With 69 minutes played, four looked all but certain to become three. 2-0 down away to Swansea City in the FA Cup quarter-final, Manchester City’s quadruple challenge was close to being over.
Of course, as we all know, Pep Guardiola’s side fought back, scoring three times in 19 minutes to make the semi-finals and keep their hopes of winning four trophies in just one season alive.
City have pulled off comebacks like this before, in fact, the greatest achievement in the club’s recent history came in such a moment. That’s not what made the turnaround against Swansea most remarkable, though.
Instead, it was the astonishing series of good fortune afforded to Man City that made their fightback particularly noteworthy.

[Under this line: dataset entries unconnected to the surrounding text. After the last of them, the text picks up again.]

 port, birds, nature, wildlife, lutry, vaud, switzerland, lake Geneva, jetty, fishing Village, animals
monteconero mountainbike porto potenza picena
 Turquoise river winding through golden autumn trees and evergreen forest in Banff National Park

First, there was the dubious penalty kick given to the English champions, with Raheem Sterling barely touched as he went down in the area. Then there was the way that penalty was converted, bouncing off the post and then back off the back of the Swansea goalkeeper’s head before finding the back of the net.

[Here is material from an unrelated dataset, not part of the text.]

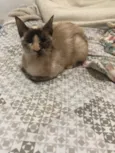 chinchila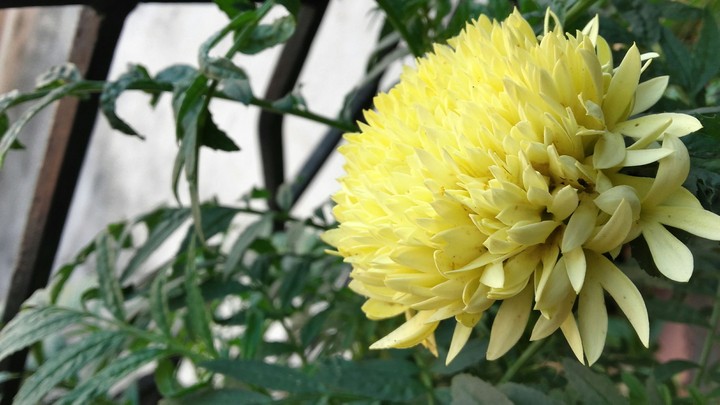Flower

Sergio Aguero’s headed winner two minutes from time was also quite clearly offside but went unnoticed by the officials. On top of all this, there was no VAR available to check Aguero’s goal because, as FA rules stipulate, Swansea City are not a Premier League club.
They were last season when VAR would have been installed at the Liberty Stadium for FA Cup ties, but as Championship outfit, the technology was not on hand.
The good fortune didn’t end there. Victory over Swansea saw City paired with Brighton in the FA Cup semi-finals, with Watford or Wolves lying in wait after that. This comes after a run which has seen Guardiola and his team come up against Rotherham United, Burnley and Newport County. And a run in the Carabao Cup that pitted Man City against Oxford United, Fulham, Leicester City and Burton.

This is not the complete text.